Pada Sabtu pekan lalu, Tempo mendatangi warung penjual tongseng jamu di Dusun Kanutan, Srimulyo, Bambangliluro, Bantul. Di tempat ini, ada tiga warung makan penjual tongseng jamu. Salah satu pemiliknya adalah Sukijo. Lelaki 68 tahun ini sudah berjualan tongseng anjing sejak 1979.
Sekitar pukul 15.00, Tempo mendatangi warung dan Sukijo sedang merapikan dagangannya. “Sudah habis, baru nunggu yang nyetori dari Purworejo,” katanya. Beberapa calon pembeli yang datang langsung balik kanan. Hari itu dia hanya menyembelih dua ekor anjing dan langsung ludes. “Stok (anjing) terakhir hari ini.”
Untuk kebutuhan usahanya, Sukijo mendapatkan pasokan anjing dari Purworejo, Wonosobo, dan Temanggung. Seekor anjing ia tebus dengan harga Rp 250-300 ribu. “Tergantung beratnya,” tuturnya. Dia hanya pembeli anjing dengan berat di atas 10 kilogram. Sebab, anjing seberat itu hanya menghasilkan sekitar 4,5 kilogram daging yang layak dimasak.
Dalam sehari, warung makannya paling sedikit menyembelih dua ekor anjing. Satu porsi tongseng dihargai Rp 15 ribu. "Kalau pas liburan yang datang bisa berlipat-lipat.
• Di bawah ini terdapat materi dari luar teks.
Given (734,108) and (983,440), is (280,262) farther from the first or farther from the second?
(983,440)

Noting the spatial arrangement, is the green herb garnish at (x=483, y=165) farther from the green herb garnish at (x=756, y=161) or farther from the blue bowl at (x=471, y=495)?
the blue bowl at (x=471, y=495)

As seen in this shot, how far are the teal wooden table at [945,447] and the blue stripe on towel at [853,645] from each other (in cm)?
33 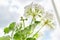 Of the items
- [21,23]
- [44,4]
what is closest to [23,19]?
[21,23]

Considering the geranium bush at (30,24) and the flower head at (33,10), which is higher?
the flower head at (33,10)

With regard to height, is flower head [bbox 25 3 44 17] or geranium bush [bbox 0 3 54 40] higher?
flower head [bbox 25 3 44 17]

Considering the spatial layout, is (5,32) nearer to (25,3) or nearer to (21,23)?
(21,23)

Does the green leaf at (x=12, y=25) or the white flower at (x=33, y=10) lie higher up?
the white flower at (x=33, y=10)

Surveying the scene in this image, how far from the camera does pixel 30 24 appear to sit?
2.73 feet

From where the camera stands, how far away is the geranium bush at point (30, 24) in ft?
2.59

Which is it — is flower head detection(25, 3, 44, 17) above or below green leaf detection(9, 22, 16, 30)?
above

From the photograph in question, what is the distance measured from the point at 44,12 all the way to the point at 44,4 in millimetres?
81

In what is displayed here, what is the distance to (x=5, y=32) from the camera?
800mm

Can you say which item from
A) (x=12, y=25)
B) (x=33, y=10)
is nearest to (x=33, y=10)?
(x=33, y=10)

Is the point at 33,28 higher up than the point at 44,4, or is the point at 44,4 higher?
the point at 44,4

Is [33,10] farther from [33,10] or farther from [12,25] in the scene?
[12,25]

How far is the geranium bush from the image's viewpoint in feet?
2.59

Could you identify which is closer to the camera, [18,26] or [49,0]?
[18,26]
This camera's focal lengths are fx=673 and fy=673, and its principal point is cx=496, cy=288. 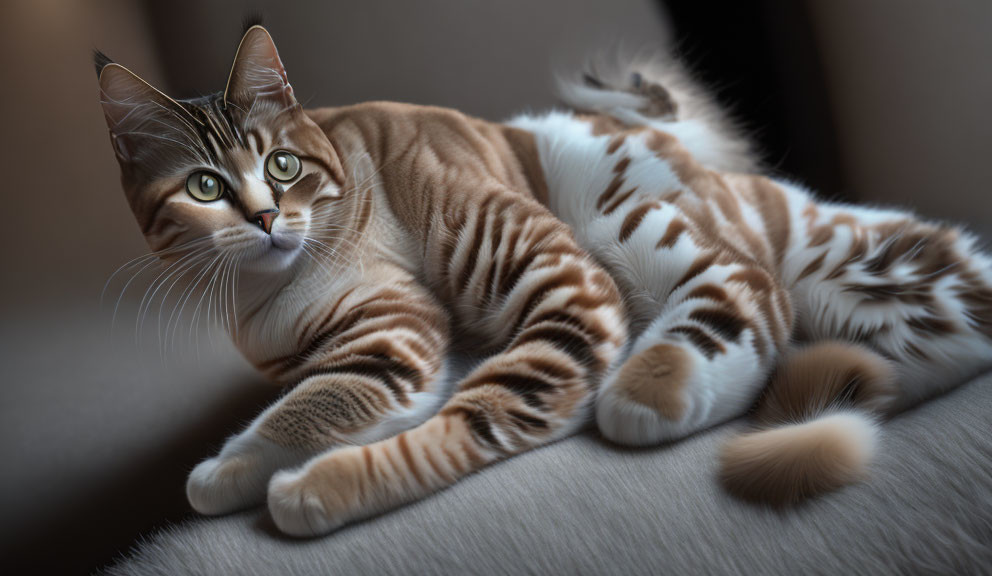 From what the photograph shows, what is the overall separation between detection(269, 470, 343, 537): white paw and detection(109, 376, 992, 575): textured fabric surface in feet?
0.03

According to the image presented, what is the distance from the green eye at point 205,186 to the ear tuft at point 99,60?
17cm

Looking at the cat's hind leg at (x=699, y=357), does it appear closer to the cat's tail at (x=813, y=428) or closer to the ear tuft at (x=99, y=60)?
the cat's tail at (x=813, y=428)

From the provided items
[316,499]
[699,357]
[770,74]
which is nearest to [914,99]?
[770,74]

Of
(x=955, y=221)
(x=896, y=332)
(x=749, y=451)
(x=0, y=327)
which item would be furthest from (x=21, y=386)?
(x=955, y=221)

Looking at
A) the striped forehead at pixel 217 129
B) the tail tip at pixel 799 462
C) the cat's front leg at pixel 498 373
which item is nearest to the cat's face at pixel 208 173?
the striped forehead at pixel 217 129

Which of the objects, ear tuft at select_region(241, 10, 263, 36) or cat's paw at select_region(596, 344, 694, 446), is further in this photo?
ear tuft at select_region(241, 10, 263, 36)

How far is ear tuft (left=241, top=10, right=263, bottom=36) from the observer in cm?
90

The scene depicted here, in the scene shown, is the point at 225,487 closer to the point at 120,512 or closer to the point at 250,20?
the point at 120,512

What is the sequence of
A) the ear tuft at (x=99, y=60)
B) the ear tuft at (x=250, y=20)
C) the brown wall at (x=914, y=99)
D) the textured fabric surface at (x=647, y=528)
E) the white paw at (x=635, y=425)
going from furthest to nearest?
1. the brown wall at (x=914, y=99)
2. the ear tuft at (x=250, y=20)
3. the ear tuft at (x=99, y=60)
4. the white paw at (x=635, y=425)
5. the textured fabric surface at (x=647, y=528)

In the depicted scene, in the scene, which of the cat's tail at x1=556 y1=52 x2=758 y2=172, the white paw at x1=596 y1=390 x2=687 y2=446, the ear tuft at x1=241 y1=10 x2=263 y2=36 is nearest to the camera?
the white paw at x1=596 y1=390 x2=687 y2=446

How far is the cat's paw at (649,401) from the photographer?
694 mm

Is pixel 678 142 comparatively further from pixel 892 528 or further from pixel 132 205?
pixel 132 205

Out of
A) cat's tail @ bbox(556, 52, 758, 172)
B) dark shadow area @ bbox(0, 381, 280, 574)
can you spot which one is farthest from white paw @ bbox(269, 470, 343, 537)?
cat's tail @ bbox(556, 52, 758, 172)

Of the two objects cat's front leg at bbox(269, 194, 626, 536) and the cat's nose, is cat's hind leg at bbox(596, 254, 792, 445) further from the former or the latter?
the cat's nose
Dari luar kota banyak, mobil itu berderet-deret di depan rumah," ucap Sukijo.
Kalangan pencinta binatang mengecam perdagangan binatang peliharaan ini. Pada April lalu, Animal Friends Jogja (AFJ) menggelar aksi di kawasan Nol Kilometer Kota Yogyakarta. Menurut Program Manajer AFJ Angelina Pare, perdagangan daging anjing di Yogyakarta terus meningkat. "Yogyakarta itu dulu terkenal sebagai kota gudeg, kota pelajar, tapi sekarang jadi kota sengsu," ujarnya.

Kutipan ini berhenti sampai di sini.